**GIVEN RECORDS**.
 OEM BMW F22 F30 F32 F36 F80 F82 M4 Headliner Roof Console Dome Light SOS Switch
...
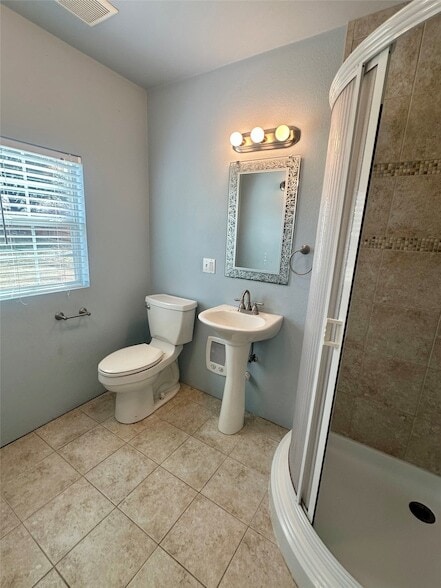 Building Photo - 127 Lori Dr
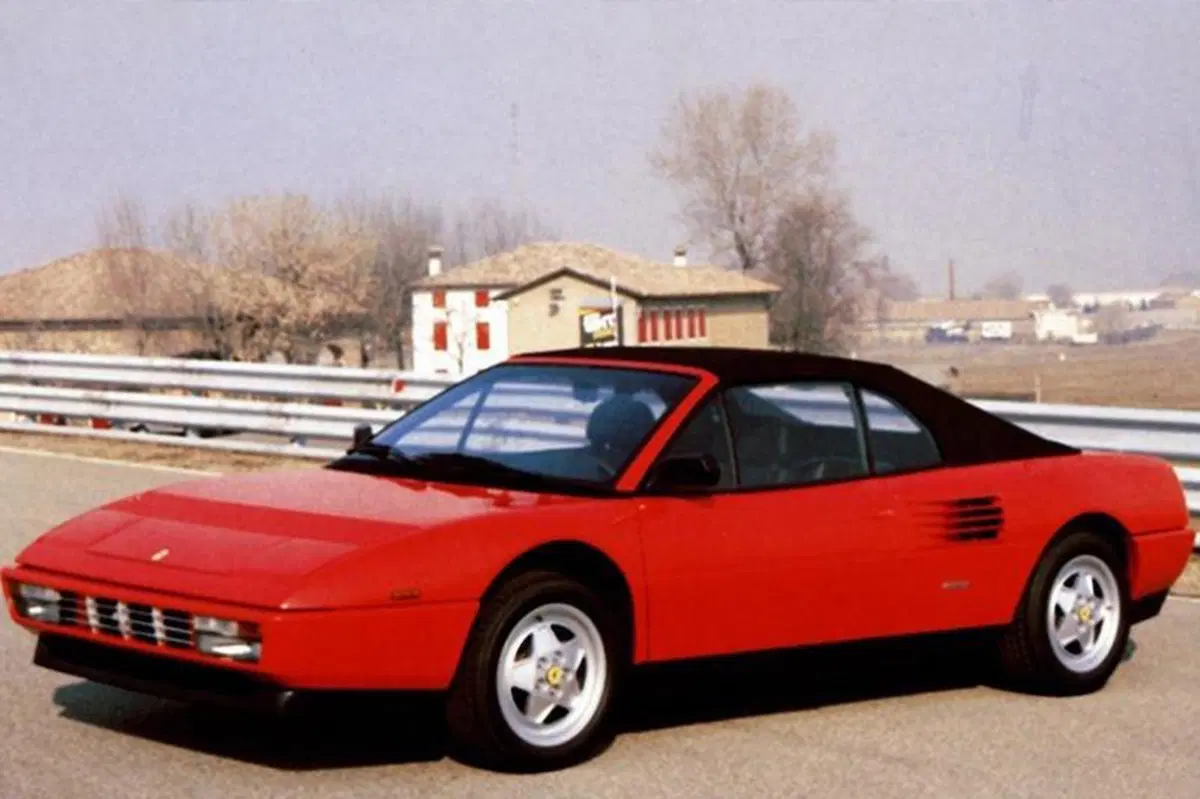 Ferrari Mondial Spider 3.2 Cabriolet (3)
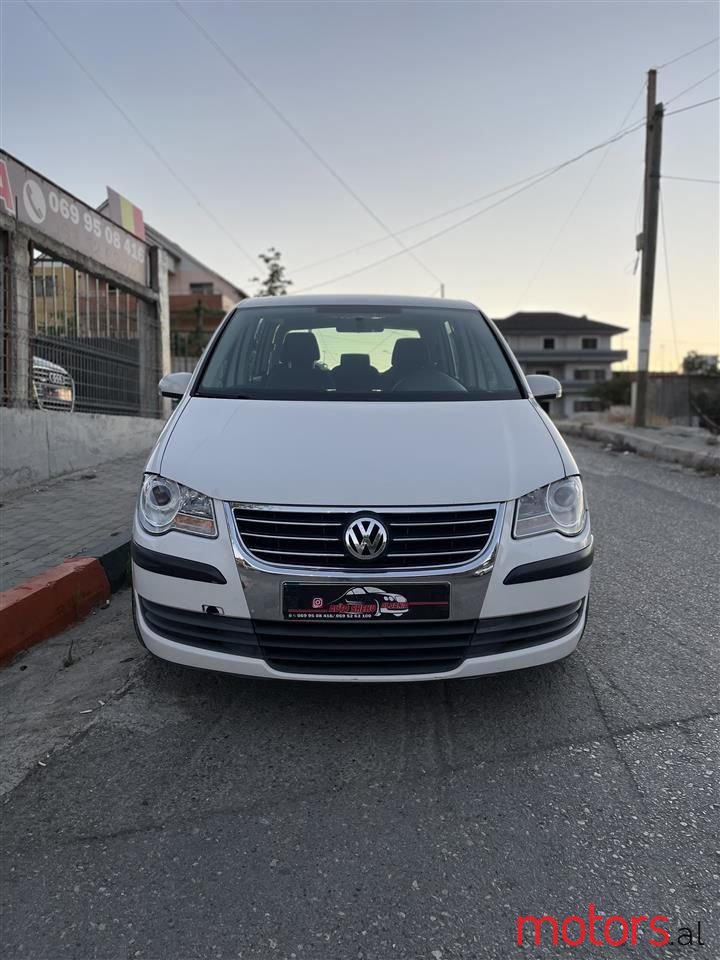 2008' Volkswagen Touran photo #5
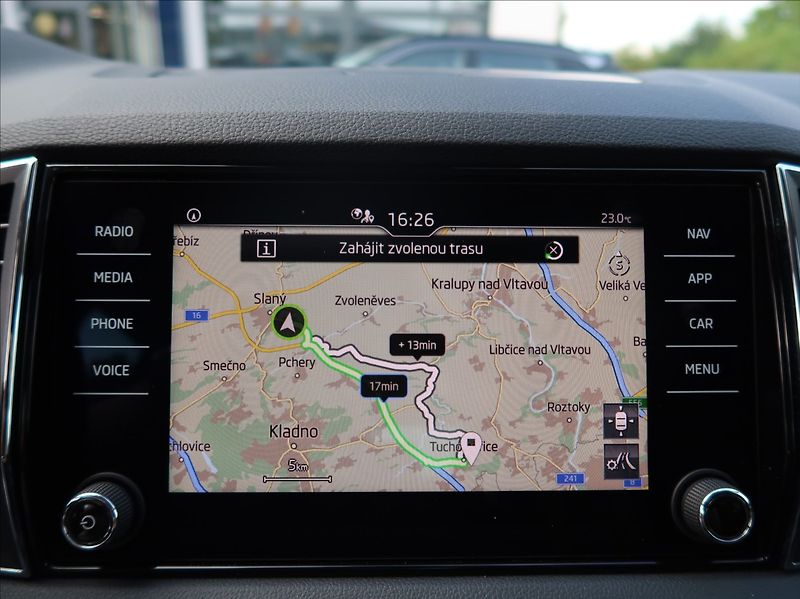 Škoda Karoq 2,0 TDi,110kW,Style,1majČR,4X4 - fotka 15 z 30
--
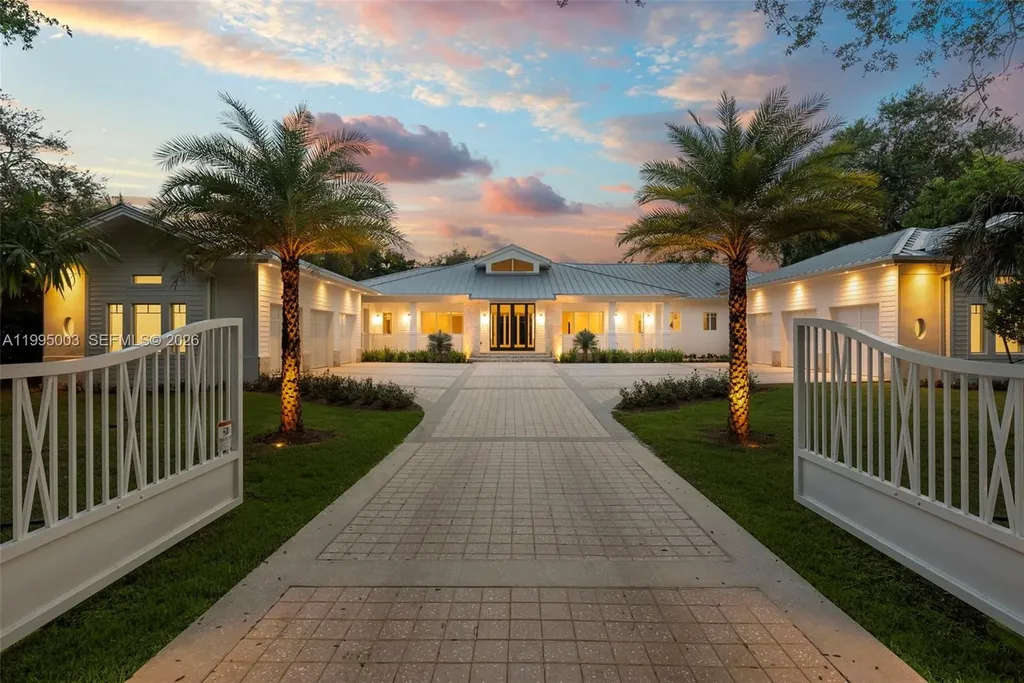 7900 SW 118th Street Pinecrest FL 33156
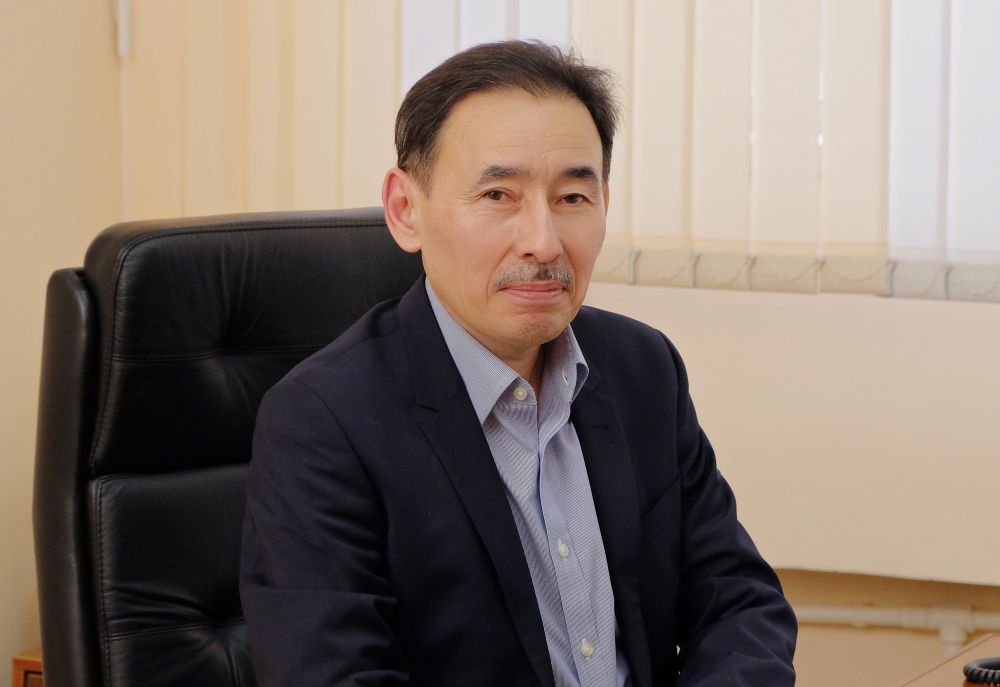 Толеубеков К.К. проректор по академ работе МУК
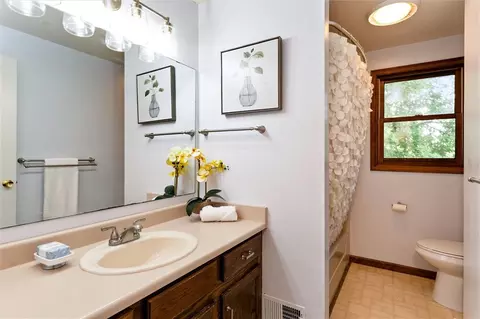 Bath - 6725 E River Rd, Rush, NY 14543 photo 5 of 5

**WHAT YOU NEED TO DO**.
In the listing above, find the line with "2008' Volkswagen Touran photo #5" and the line with "Škoda Karoq 2,0". Set down both and every line between them, minus the pictures.

**RESULT OF THE TASK**.
 2008' Volkswagen Touran photo #5
 Škoda Karoq 2,0 TDi,110kW,Style,1majČR,4X4 - fotka 15 z 30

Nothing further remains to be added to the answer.